To create awareness among the farming community about malaria vectors, the use of agricultural pesticides and the likelihood of influencing insecticide resistance in malaria vectors, Ifakara researchers Nancy Matowo, Marceline Finda, Yeromin Mlacha and Fredros Okumu along with Benigni Temba from Sokoine University of Agriculture in Morogoro and Marcel Tanner and Jürg Utzinger from Swiss TPH, Switzerland explored possible ways to engage and empower farmers with basic knowledge and skills on good agricultural practices.

“We held participatory workshops and field training with entomologists, farmers, and agricultural specialists, focusing on agroecosystem practices related to pest control. The study provided a forum for the health researchers and agricultural experts to discuss, interact, actively engage, and empower farming communities with basic knowledge and skills on malaria issues, crop pests, pesticides management, and general good agricultural practices” shared the researchers

During the forum, the majority of the stakeholders acknowledged that agricultural practices have significant implications for malaria vector control and were aware that pesticide usage practices could be the root cause of insecticide resistance in vectors.

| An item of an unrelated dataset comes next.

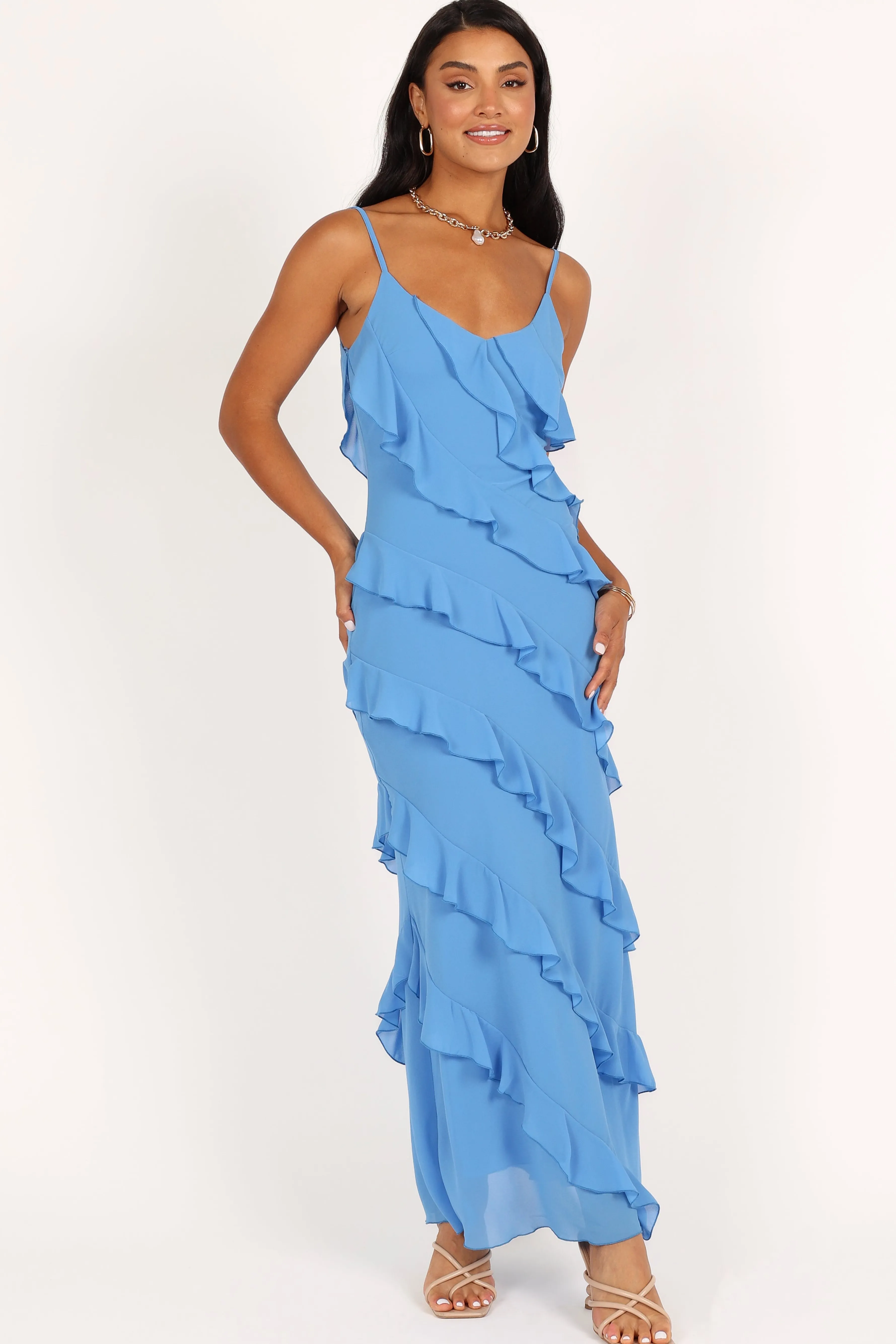 Petal & Pup Ciao Ruffles Maxi Dress - Blue Store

While the key stakeholders acknowledged that good agricultural practices, including agrochemicals management, could indirectly minimize the odds of insecticide resistance development in malaria vectors they did, however, warn that pesticides usage for crop protection cannot be fully avoided, but could be minimized, used sparingly, or integrated with non-chemical methods.

The challenge of insecticide resistance is a key barrier to long-term malaria control, and to conclude their study, Ifakara researchers and colleagues have emphasized the significance of “enhancing subsistence farmers’ awareness of mosquito ecology” as well as “applying participatory techniques or approaches” which could raise stakeholder awareness and engagement, resulting in more effective resistance management.

“For successful pesticide resistance control in mosquito and crop pests, regular community participation, advocacy, and integration of agricultural and public health measures to address resistance across researchers, public health, and agricultural sectors are required.”